Applications of graph theory to enzyme kinetics and protein folding kinetics. Steady and non-steady-state systems

Abstract

Graphic methods have proved to be very useful in enzyme kinetics, as reflected in both raising the efficiency of performing calculations and aiding in the analysis of catalytic mechanisms. The kinetic relations among protein folding states are very similar to those between enzyme-catalyzed species. Therefore, it should be equally useful to provide a visually intuitive relation between kinetic calculations and folding mechanisms for protein folding kinetics, as manifested by the graphic rules in enzyme kinetics. It can actually be anticipated that, due to increasing interest in protein folding, the graphic method will become an important tool in folding kinetics as well.

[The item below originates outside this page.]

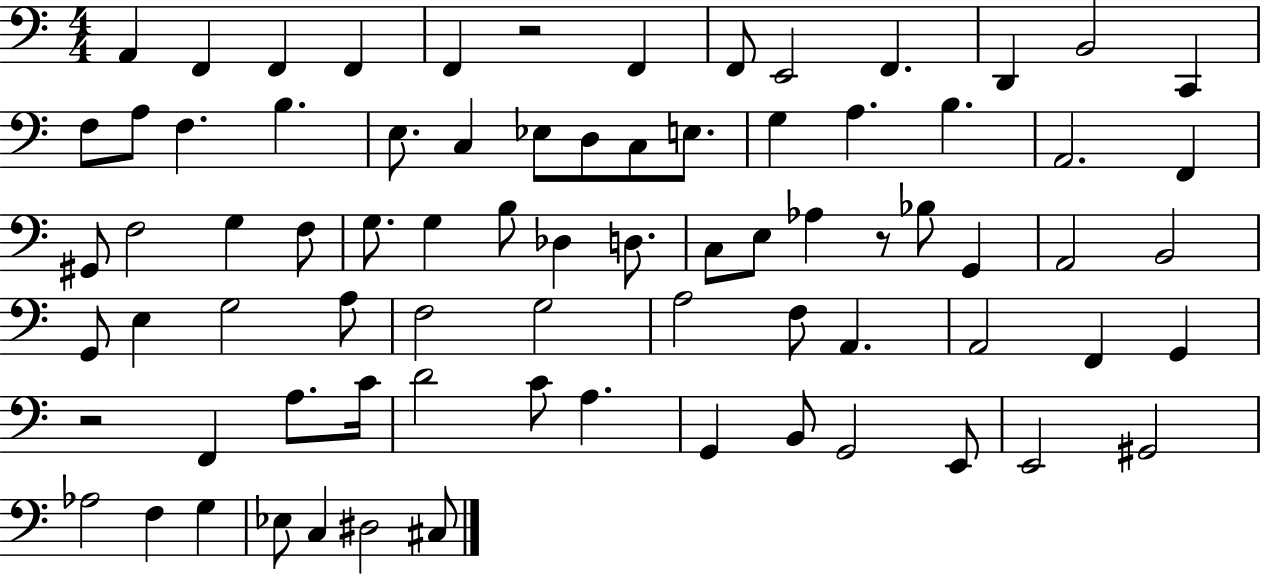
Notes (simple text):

A2/q F2/q F2/q F2/q F2/q R/h F2/q F2/e E2/h F2/q. D2/q B2/h C2/q F3/e A3/e F3/q. B3/q. E3/e. C3/q Eb3/e D3/e C3/e E3/e. G3/q A3/q. B3/q. A2/h. F2/q G#2/e F3/h G3/q F3/e G3/e. G3/q B3/e Db3/q D3/e. C3/e E3/e Ab3/q R/e Bb3/e G2/q A2/h B2/h G2/e E3/q G3/h A3/e F3/h G3/h A3/h F3/e A2/q. A2/h F2/q G2/q R/h F2/q A3/e. C4/s D4/h C4/e A3/q. G2/q B2/e G2/h E2/e E2/h G#2/h Ab3/h F3/q G3/q Eb3/e C3/q D#3/h C#3/e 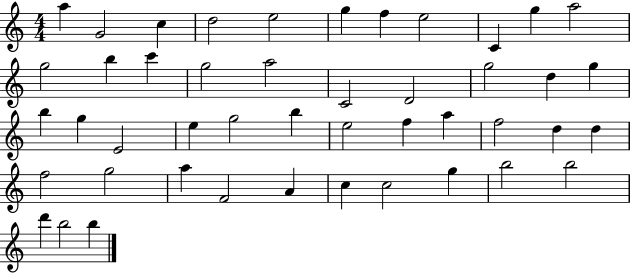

Based on the recent progress made in graphic methods of enzyme kinetics, in this review four graphic rules are summarized, which can be used to deal with protein folding systems as well as enzyme-catalyzed systems. Rules 1-3 are established for deriving the kinetic equations for steady-state processes and Rule 4 for those in the case of non-steady-state processes. In comparison with conventional graphic methods, which can only be applied to a steady-state system, the current rules have the following advantages: (1) Complicated and tedious calculations can be greatly simplified. (2) A lot of wasted labor can be turned away. (3) Final results can be double-checked by a formula provided in each of the graphic rules. (4) Transient kinetic systems can also be treated. The mathematical proof of Rules 1-4 is given in appendices A-D, respectively.